Mario Balotelli chce uwolnić się z sideł. Ta oferta jednak mu nie schlebia

2025-01-20 09:17:04; Aktualizacja: 2 godziny temu
Mario Balotelli chce uwolnić się z sideł. Ta oferta jednak mu nie schlebia Fot. ANP/SIPA USA/PressFocus
Piotr Różalski
Piotr Różalski Źródło: Calciomercato.com

Mario Balotelli nie chce czekać do końca sezonu. Niesie się z zamiarem przedwczesnego rozwiązania umowy z Genoą. Zależy mu na pozostaniu w Serie A, ale to wcale nie będzie takie proste – czytamy na Calciomercato.com.

Pod koniec października włoskie media w końcu mogły okrzyknąć powrót „SuperMario” do ojczyzny. Po trzech latach rozłąki i spróbowaniu swoich sił w Adana Demirspor oraz FC Sion podpisał kilkumiesięczny kontrakt z Genoą.

Za wielkiego zwolennika napastnika uchodził trener Alberto Gilardino, który jednak krótko potem stracił posadę. Za sterami zasiadł Patrick Vieira, który nie darzy doświadczonego napastnika ogromnym zaufaniem.

Na początku nowego roku 34-latek odniósł się do wszelkich pogłosek, dementując te o kłopotach zdrowotnych. Na relacji na Instagramie zaznaczył, że czuje się dobrze.

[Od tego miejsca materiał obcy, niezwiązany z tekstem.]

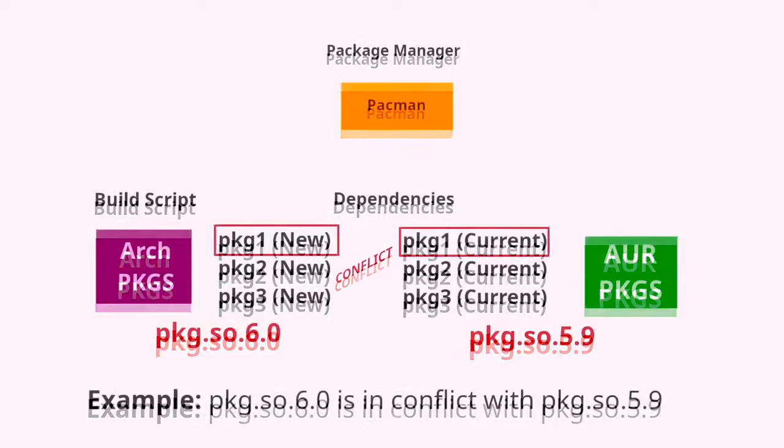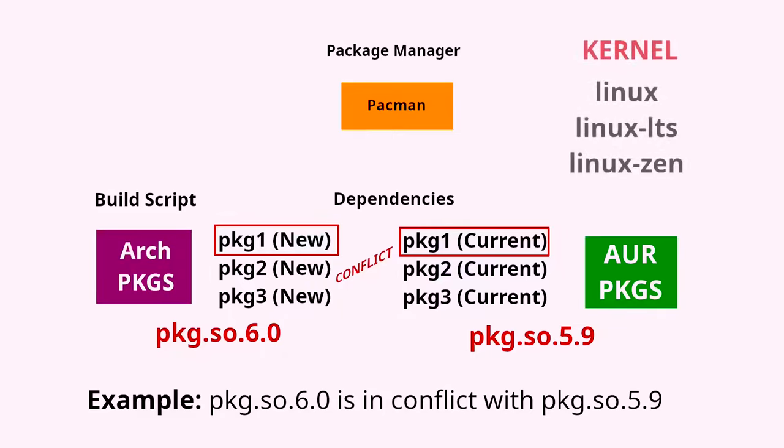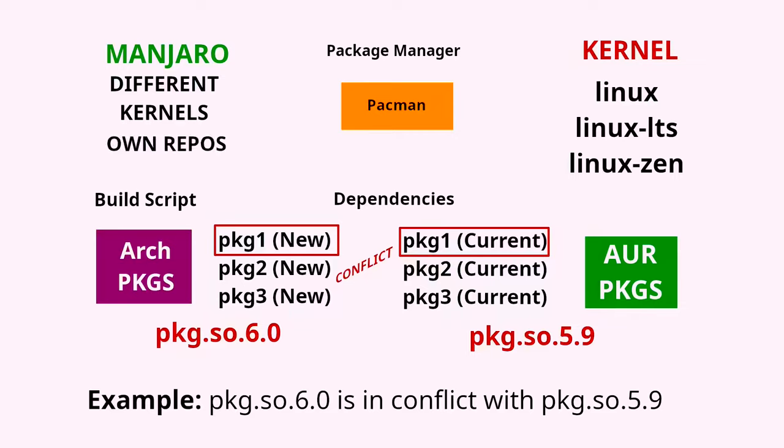Conflicts often require manual intervention to fix. Kernel compatibility is another factor. Arch provides several kernels which are maintained to stay compatible with the latest Arch packages. Manjaro, for instance, often holds back updates to test packages on its specific kernels, which are different, and this actually creates additional issues historically. If you're on Manjaro and using community-contributed AUR packages, you might end up with incompatibilities, especially if a package relies on a feature in the latest Arch kernel that isn't present in Manjaro's kernel yet.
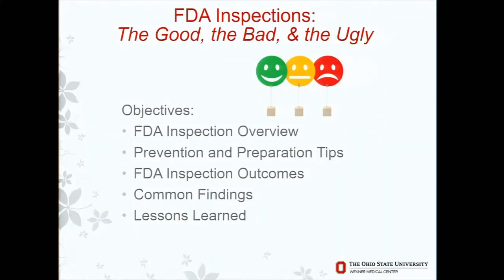Specifically, I'll be covering an overview of FDA inspections, some prevention tips, and actual FDA inspection outcomes. I will be touching on 483s and warning letters as well, but from a slightly different perspective than the previous speaker — coming from the site's perspective rather than the FDA's perspective. I'll go over some common findings and, of course, lessons learned.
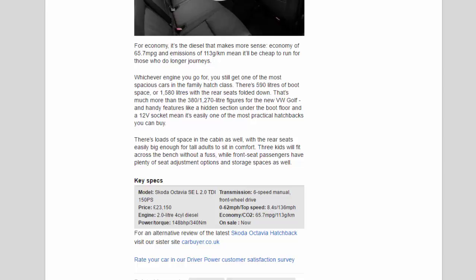Key specs — Model: Skoda Octavia SEL 2.0 TDI 150 PS. Price: £23,150. Engine: 2.0-litre 4-cylinder diesel. Power/torque: 148 bhp / 340 Nm. Transmission: six-speed manual, front-wheel drive. 0–62 mph / top speed: 8.4 s / 136 mph. Economy / CO2: 65.7 mpg / 113 g/km. On sale now.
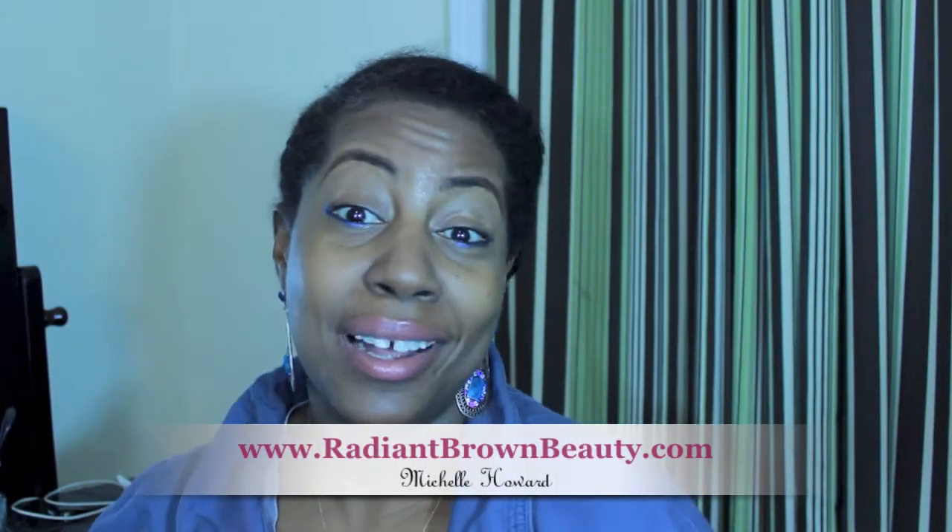Hi, I'm Michelle from radiantbrownbeauty.com. Just in case you're new to my channel, today I wanted to share with you a new product line — well, it's fairly new to me. I only heard of it when I met the young lady on Instagram who is the creator of the product line, That Curl.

„Chcę doprecyzować, że jestem w pełni sprawny i dzięki Bogu nie mam żadnych problemów. Tak uprzedzam na wypadek, gdyby w przyszłości ktoś powiedział coś głupiego, jak już to miało miejsce wcześniej w podobnych sytuacjach. Buziaki dla wszystkich i Forza Genoa” – skomentował 5 stycznia Balotelli.

Od tamtego czasu sytuacja wicemistrza Europy z 2012 roku się nie zmieniła. Nadal zaliczył tylko sześć występów, a w miniony weekend zabrakło go nawet w kadrze meczowej na pojedynek z AS Romą.

To jedynie napędziło karuzelę. Według wspomnianego portalu sfrustrowany piłkarz rozważa zainicjowanie rozmów z zarządem w celu osiągnięcia obopólnego porozumienia w kwestii rozwiązania kontraktu.

W kuluarach zainteresowanie zawodnikiem przejawia Monza, ostatnia drużyna Serie A. W jej barwach występował on w latach 2020-2021, zdobywając sześć bramek w 14 meczach.

Ofertę 34-latkowi miało już przedstawić Bari, lecz rywalizacja w drugiej lidze nie jest dla niego satysfakcjonującą opcją.

Najchętniej zdobywca Pucharu Europy w sezonie 2009/2010 z Interem Mediolan pozostałby w elicie – w zespole, gdzie czułby się znacznie bardziej potrzebny niż u „Rossoblu”.